Credit rationing threatens the economy

The deterioration of bank balance sheets weighs on the sources of financing for growth

Should we fear for the financing of the economy? The question begins to shake the business community, worried both by the decline in the stock market and the deterioration of the financial situation of banks. How, they wonder, will we finance economic development, if the money dries up on the stock market and if the banks, for their part, for lack of capital, close the credit tap?

In the United States, 130 billion dollars (82 billion euros) have already been swallowed up by the banking system, in the form of new capital, without the health of US banks improving, quite the contrary. The situation of European banks is hardly better, as the second wave of the subprime crisis (risky mortgages) is formed with the bankruptcy of so-called “monoline insurers”. Even banks that have not taken direct risks on the subprime market will be affected and will suffer losses.

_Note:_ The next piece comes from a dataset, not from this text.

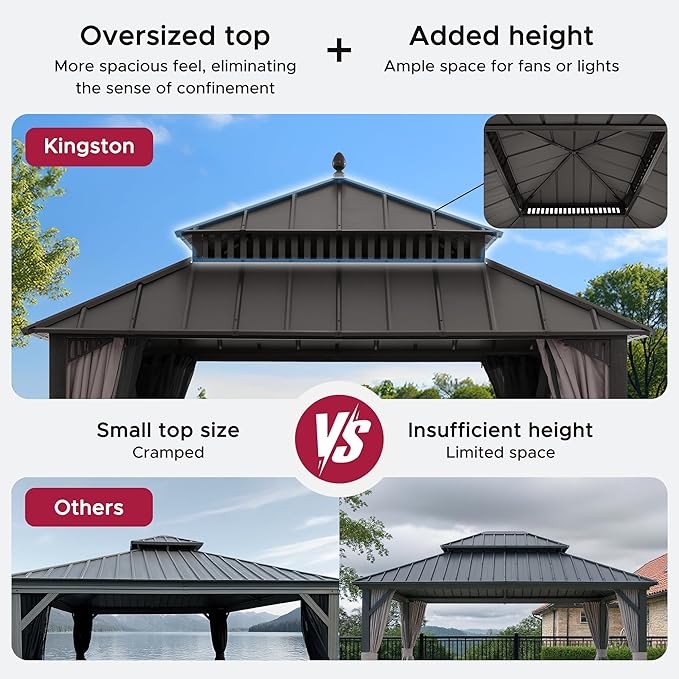 SUNJOY Kingston 12' x 12' Hardtop Gazebo with Galvanized Steel Double Roof, Curtain and Netting, Brown Aluminum Posts Permanent Pavilion Gazebo for Garden, Patio, Deck, Lawn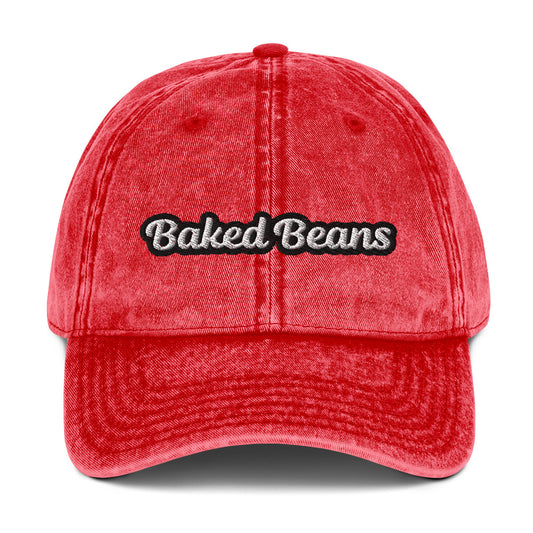 Red baked beans dad hat from Nina's Funky Shop by ninanush - Eat your favorite beans in our baked beans dad hat. Wear this weird hat and make a statement or give it as a funny gift for a foodie or baked bean enthusiast. It's a random dad hat for bean lovers of all kinds. Celebrate your favorite food and drinks in our funky foodie apparel, designed by Nina and made just for you.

Now in line with the idea that the worst of the financial crisis from the subprime probably has not passed, economists expect difficult months. “We do not know when or how intense it will be, but there will be a” credit crunch. ” Households and businesses will suffer, especially the most fragile, SMEs,” warns Olivier Pastré, professor of economics at the University of Paris-VIII and co-author of the true novel of the financial crisis (Ed. Perrin, 2008, 275 pages, 19 euros).

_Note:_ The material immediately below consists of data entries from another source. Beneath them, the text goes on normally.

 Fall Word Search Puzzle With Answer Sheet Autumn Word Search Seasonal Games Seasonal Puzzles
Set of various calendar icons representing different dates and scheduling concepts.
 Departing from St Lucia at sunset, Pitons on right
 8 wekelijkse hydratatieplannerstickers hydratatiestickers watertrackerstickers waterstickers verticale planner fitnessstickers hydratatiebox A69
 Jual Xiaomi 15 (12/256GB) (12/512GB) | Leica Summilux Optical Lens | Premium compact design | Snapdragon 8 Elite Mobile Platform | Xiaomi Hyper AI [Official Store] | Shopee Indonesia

This credit crisis would already be felt at the micro-economic level, according to the accounts of businesses and households. These contrast sharply with central bank lending statistics – notably with the growth rate of lending to businesses and households in the euro area of April, by + 10.6% – still very largely positive, but behind the reality. “The statistics take into account the year-on-year growth, and they can also be multi-year lines of credit, granted to companies when things are going well,” says a relative of banking supervisory authorities.

On the contrary, economists seem, on the other hand, to be divided on the consequences of such a credit crisis, and especially on how to continue financing growth. For some, it will change the model, out of an economy of over-indebtedness, funded in recent years by exaggerated “leverage” to a capital-financed economy.

This change of model should then favor the rise in the economy of investors in the long term, investors with deep pockets escaping the constraint of immediate profitability, such as, for example, sovereign wealth funds, pension funds or public financial institutions.

In times of turbulence in the markets, these investors – which all Western countries are now trying to attract – would ensure long-term financing of large companies listed on the stock market, while stabilizing their capital. The economic crisis of 1929 resulted in the return of capital financing.


Other economists, more nuanced, believe that the current crisis will lead to a rebalancing between market financing and bank loans.

This is the case of Nicolas Véron, a researcher at the Bruegel center. Convinced that “the difficulties of the banks, in tension on their own funds, will be transmitted to the economy”, Mr. Véron expects a braking brought to the dynamism of small and medium enterprises, the most job creators. France, where large local banks such as Crédit Agricole have suffered from the crisis of subprimes, should be concerned by this slowdown.

But Mr. V.éron does not believe in a revision of the model of financing of the economy, estimating that “one will not be able to replace the debt by capital”. Explaining that despite appearances, “the stock market (with the exception of banking stocks) collapses less than credit,” the economist advocates a system “more open to market financing”, as is the case overseas. This, he believes, would “limit the vulnerability of the economy to a banking shock”.

Finally, Judge Christian de Boissieu, “the current pessimism is perhaps excessive”. While emphasizing the seriousness of a crisis which, for the first time, sees three major shocks: oil, food and finance, the economist believes that the liquidity, which is very abundant in the world, will end up supporting the rebound in markets and the economy. “The money which is nowhere must be somewhere (the money that is nowhere must be somewhere),” he concludes, citing economist Sir Dennis H. Robertson, who was the opponent of Keynes.